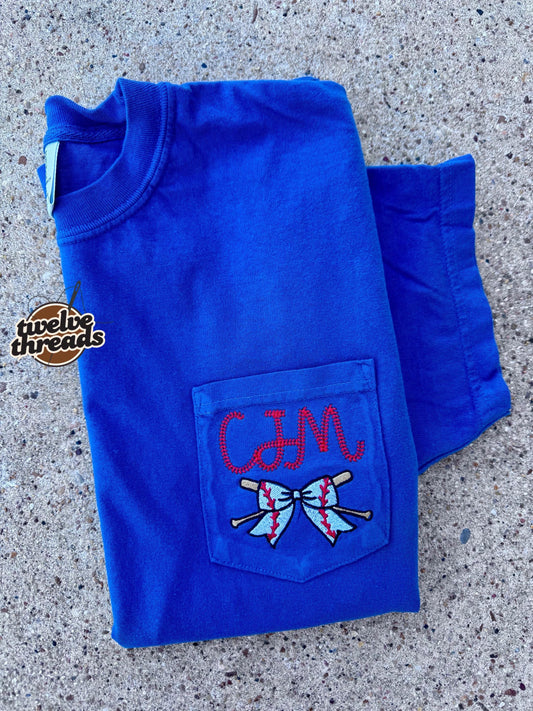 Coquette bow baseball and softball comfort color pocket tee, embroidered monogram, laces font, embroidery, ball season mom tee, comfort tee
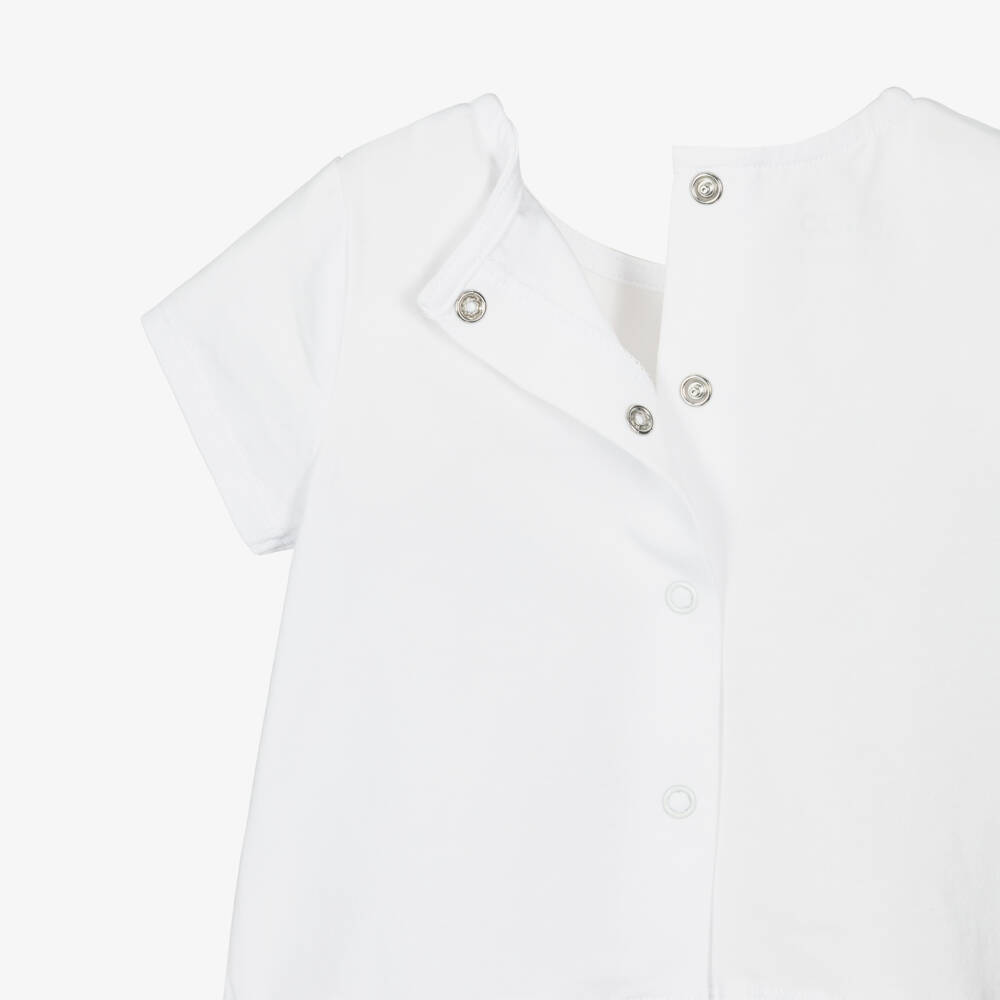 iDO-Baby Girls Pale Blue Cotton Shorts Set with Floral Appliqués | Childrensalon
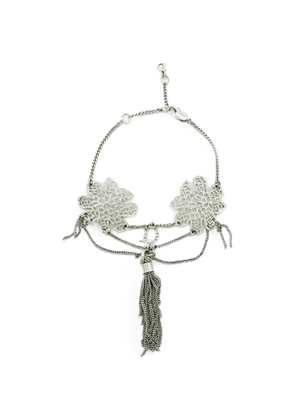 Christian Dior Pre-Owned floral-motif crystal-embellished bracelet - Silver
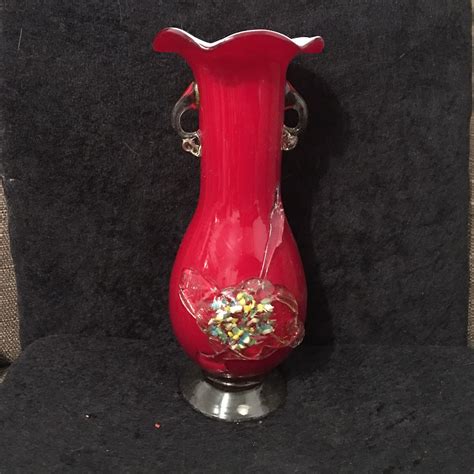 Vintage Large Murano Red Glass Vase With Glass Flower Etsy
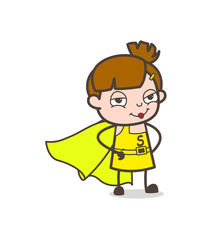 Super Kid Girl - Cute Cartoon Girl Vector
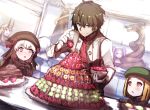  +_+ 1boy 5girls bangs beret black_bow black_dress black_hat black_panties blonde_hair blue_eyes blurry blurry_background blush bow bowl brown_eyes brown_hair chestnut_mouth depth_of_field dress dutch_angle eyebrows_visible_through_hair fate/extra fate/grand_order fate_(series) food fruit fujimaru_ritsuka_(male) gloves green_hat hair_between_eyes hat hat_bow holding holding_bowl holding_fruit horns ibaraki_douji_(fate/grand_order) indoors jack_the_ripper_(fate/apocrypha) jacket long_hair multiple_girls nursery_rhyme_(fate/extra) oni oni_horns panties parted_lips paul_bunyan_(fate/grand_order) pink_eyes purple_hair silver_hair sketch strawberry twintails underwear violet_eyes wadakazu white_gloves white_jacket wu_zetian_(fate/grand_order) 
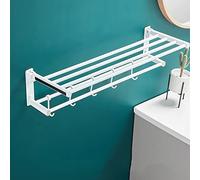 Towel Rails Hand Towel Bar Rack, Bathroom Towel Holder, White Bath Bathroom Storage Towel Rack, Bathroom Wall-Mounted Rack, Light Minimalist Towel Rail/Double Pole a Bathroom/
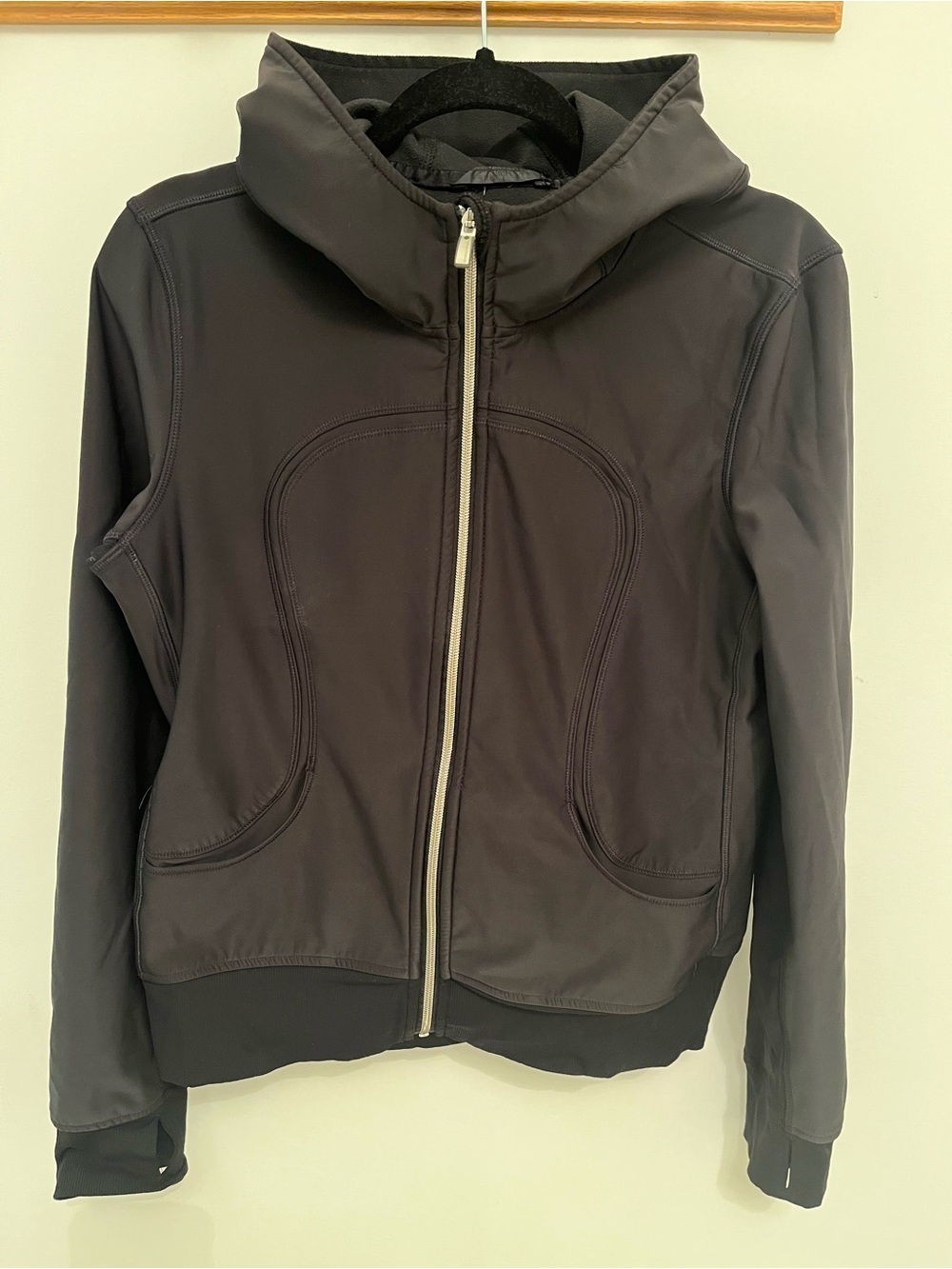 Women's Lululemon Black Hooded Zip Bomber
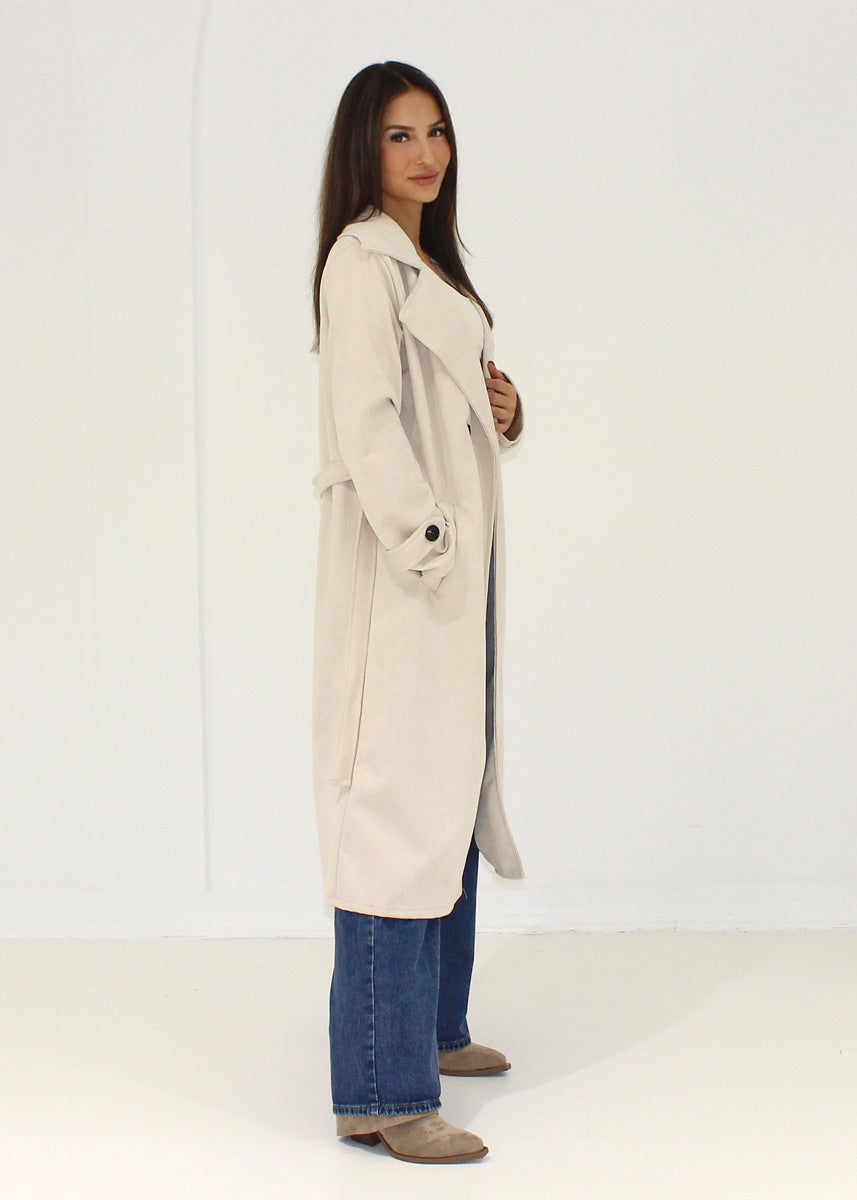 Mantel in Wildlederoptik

********************

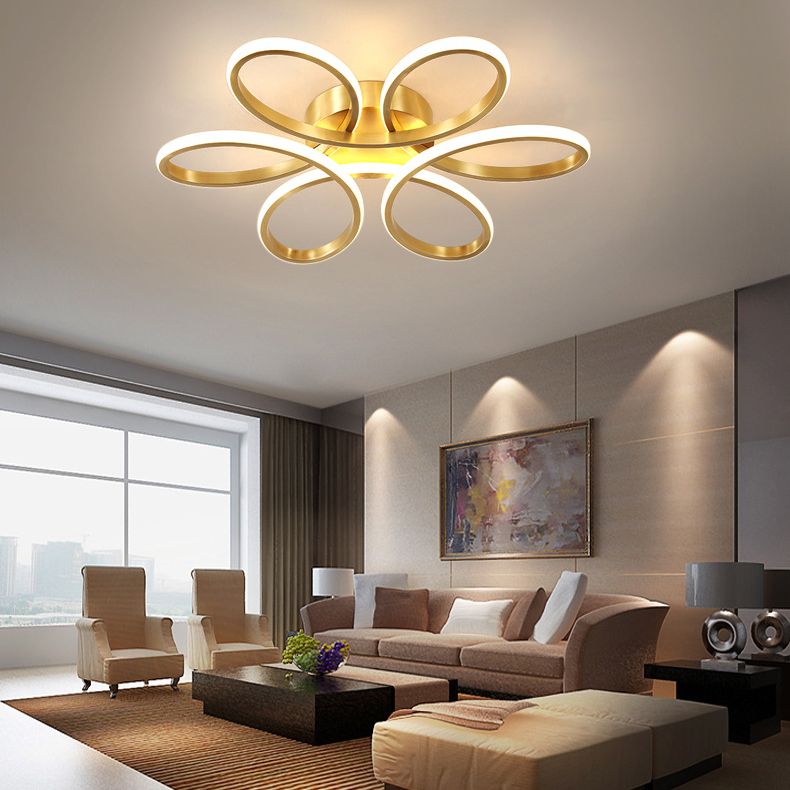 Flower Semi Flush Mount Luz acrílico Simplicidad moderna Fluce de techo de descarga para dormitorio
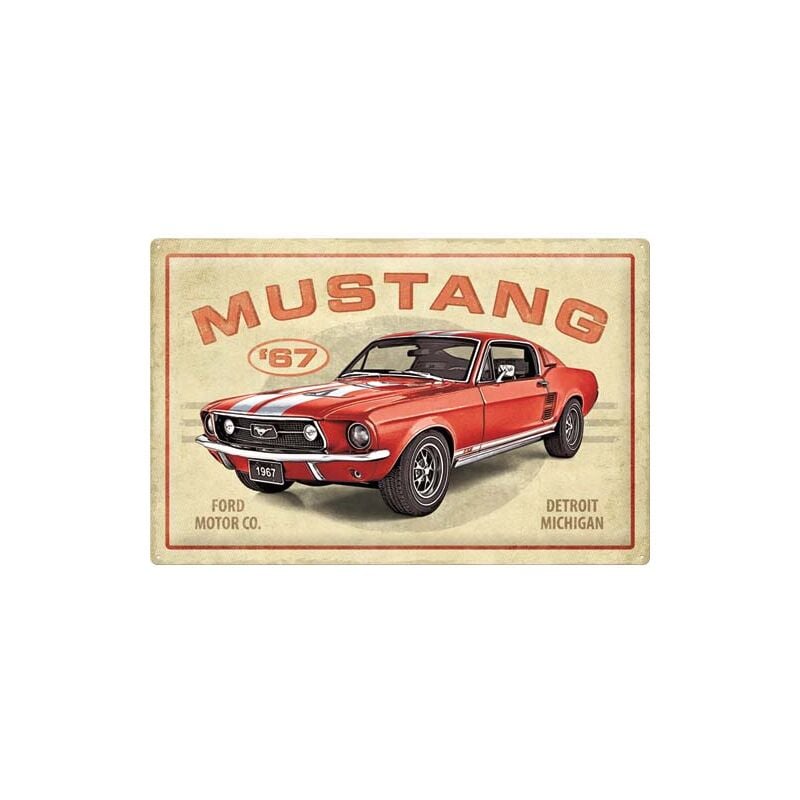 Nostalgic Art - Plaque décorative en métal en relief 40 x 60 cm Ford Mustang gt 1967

********************

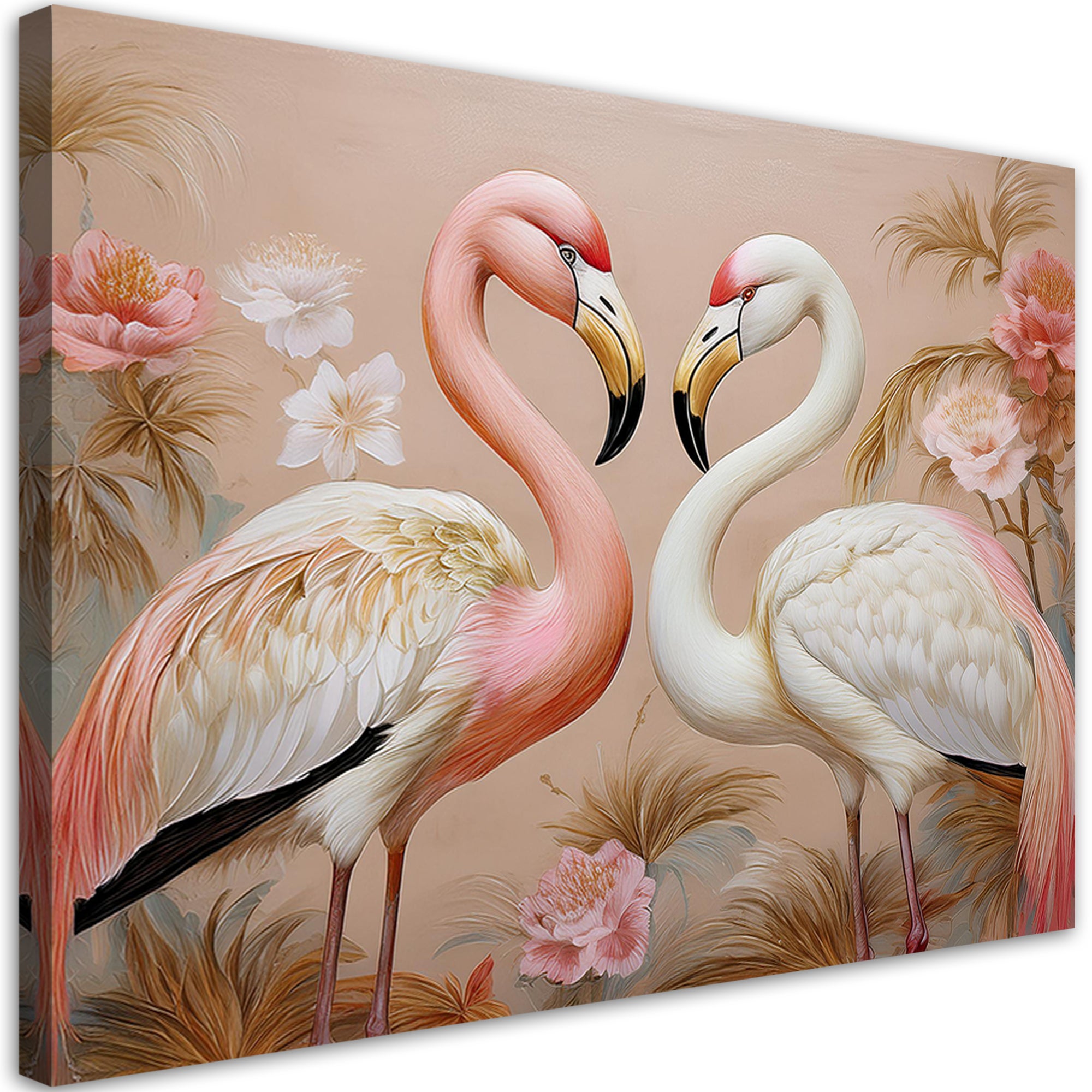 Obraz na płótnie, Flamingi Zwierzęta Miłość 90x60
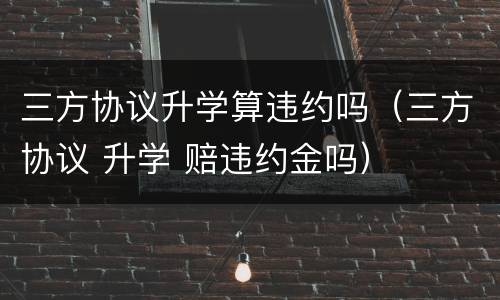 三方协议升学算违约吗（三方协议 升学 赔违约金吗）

********************

**What is needed:**
Set the pictures aside and retype exactly the lines above from the line with "Christian Dior Pre-Owned" to the line with "Mantel in Wildlederoptik", both included, adding no others.

**Answer:**
 Christian Dior Pre-Owned floral-motif crystal-embellished bracelet - Silver
 Vintage Large Murano Red Glass Vase With Glass Flower Etsy
 Super Kid Girl - Cute Cartoon Girl Vector
  +_+ 1boy 5girls bangs beret black_bow black_dress black_hat black_panties blonde_hair blue_eyes blurry blurry_background blush bow bowl brown_eyes brown_hair chestnut_mouth depth_of_field dress dutch_angle eyebrows_visible_through_hair fate/extra fate/grand_order fate_(series) food fruit fujimaru_ritsuka_(male) gloves green_hat hair_between_eyes hat hat_bow holding holding_bowl holding_fruit horns ibaraki_douji_(fate/grand_order) indoors jack_the_ripper_(fate/apocrypha) jacket long_hair multiple_girls nursery_rhyme_(fate/extra) oni oni_horns panties parted_lips paul_bunyan_(fate/grand_order) pink_eyes purple_hair silver_hair sketch strawberry twintails underwear violet_eyes wadakazu white_gloves white_jacket wu_zetian_(fate/grand_order) 
 Towel Rails Hand Towel Bar Rack, Bathroom Towel Holder, White Bath Bathroom Storage Towel Rack, Bathroom Wall-Mounted Rack, Light Minimalist Towel Rail/Double Pole a Bathroom/
 Women's Lululemon Black Hooded Zip Bomber
 Mantel in Wildlederoptik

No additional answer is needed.